Politically this was a period when Labour and the Tories dominated in Scotland. Neither party really took the possibility of nationalism seriously, but the SNP gradually emerged as a force that could no longer be ignored. Its was a story of steady advance, accurately described by Andrew Marr in The Battle For Scotland as "an unheroic history of fundraising, finding cheap printers, compiling policies at long meetings, relentless membership recruitment and the establishment of research departments". Glamorous it was not. For two turbulent issues Herdman was editor of Catalyst, the organ of the 1320 Club, a pro-nationalist fringe organisation, among whose members were two odd and mysterious men who would grace the pages of a Le Carre novel, Ronald MacDonald Douglas and Major FAC Boothby.
Herdman's portrait of the latter is worthy of Evelyn Waugh. A cousin of Lord "Bob" Boothby, whom Alex Salmond defeated to become an MP, Major Boothby "had apparently spent some years in his youth as a gaucho in Argentina. Thereafter he seems to have been a regular officer in the British Army: I was later to discover that he had had to flee the Home Counties as a result of allegations in the popular press that he was involved in witchcraft and cavorting in the woods with naked boys and girls. Thereafter he turned up, some time in the 50s, in the Borders as a fearless nationalist leader in search of troops to lead. He was frequently kilted, sported a clipped grey beard and had an eye which looked as if it might have been glass. He spoke with what used to be called a 'natural tone of command'."
Both Boothby and Douglas, Herdman suggests, were agents provocateurs, though he offers no evidence. Nevertheless they were typical of that febrile time when at last things seemed to be moving the nationalists' way. Herdman was on the cultural wing of the movement and deplores, rightly in my view, the current concentration on economic matters. He was a member of The Heretics, who mixed poetry and prose with song in pubs and clubs across the country and which attempted to redress the dearth of Scottish content in the programme of the Edinburgh International Festival.
Edinburgh is at the heart of Herdman's story, populated by characters who loved and loathed each other in equal measure. It was a male-dominated milieu, and women feature fleetingly. Herdman makes no mention of Stella Cartwright, muse to several of the poets, including George Mackay Brown, Tom Scott and Sidney Goodsir Smith, and of whom Stanley Roger Green wrote movingly in his memoir A Clamjamfray Of Poets. Nor is any heed paid to writers of Scottish formation, such as Muriel Spark, who during the 1960s and 1970s became an international star.
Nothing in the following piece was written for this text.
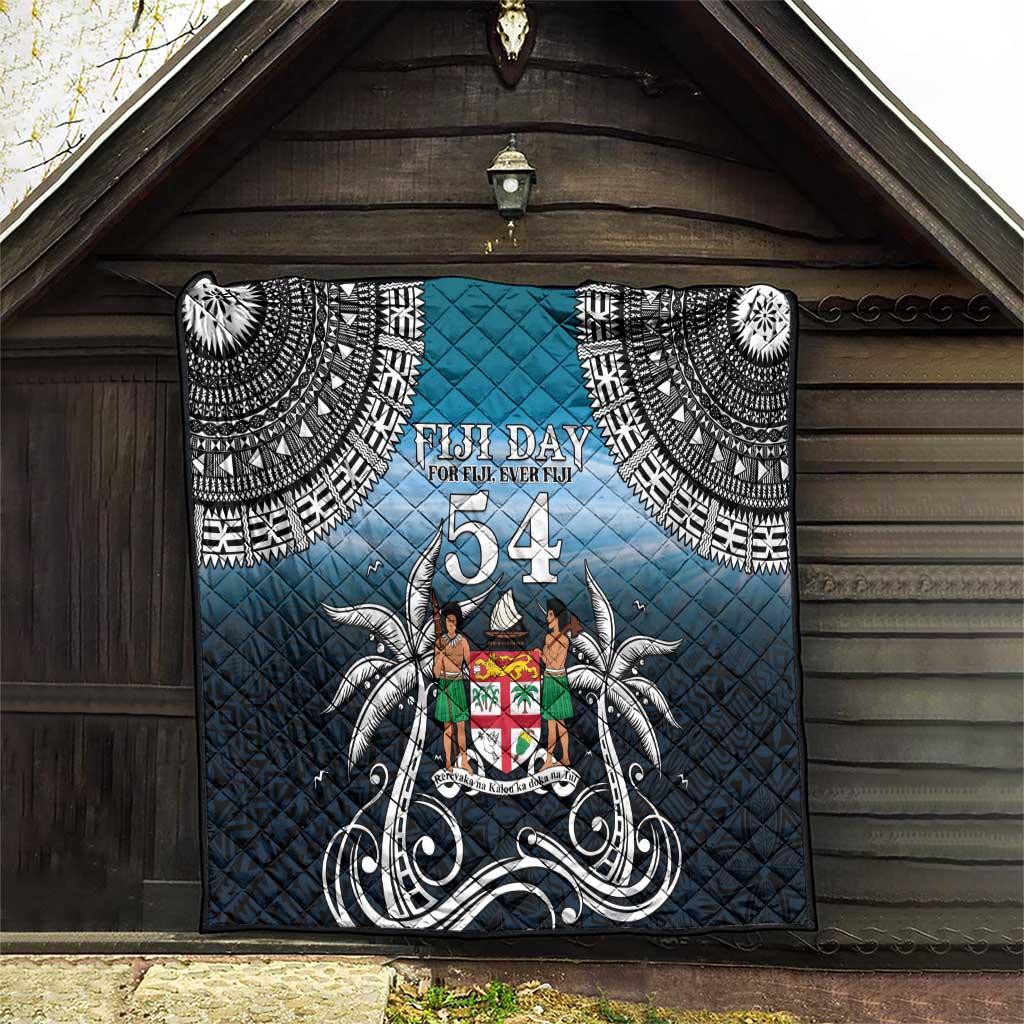 Happy 54th Fiji Day Quilt Forever Fiji With Tapa Tribal Pattern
But Herdman is to be congratulated on bringing illumination to a period in our history when it seemed we were stuck in limbo. Like many of us he is fearful that culture, which once dominated the national (and nationalist) agenda, has been commodified to a deleterious extent. He is also, like many of us, saddened that when someone of Alasdair Gray's stature dares to speak out he is subjected to a barrage of ignorant abuse while the issue he attempted to address is overlooked. It is, concludes Herdman, "a salutary reminder of what can still be the cost of speaking one's mind in Scotland". Finally, it should be pointed out that the two overlapping essays which comprise Another Country have appeared previously in editions which were not widely circulated.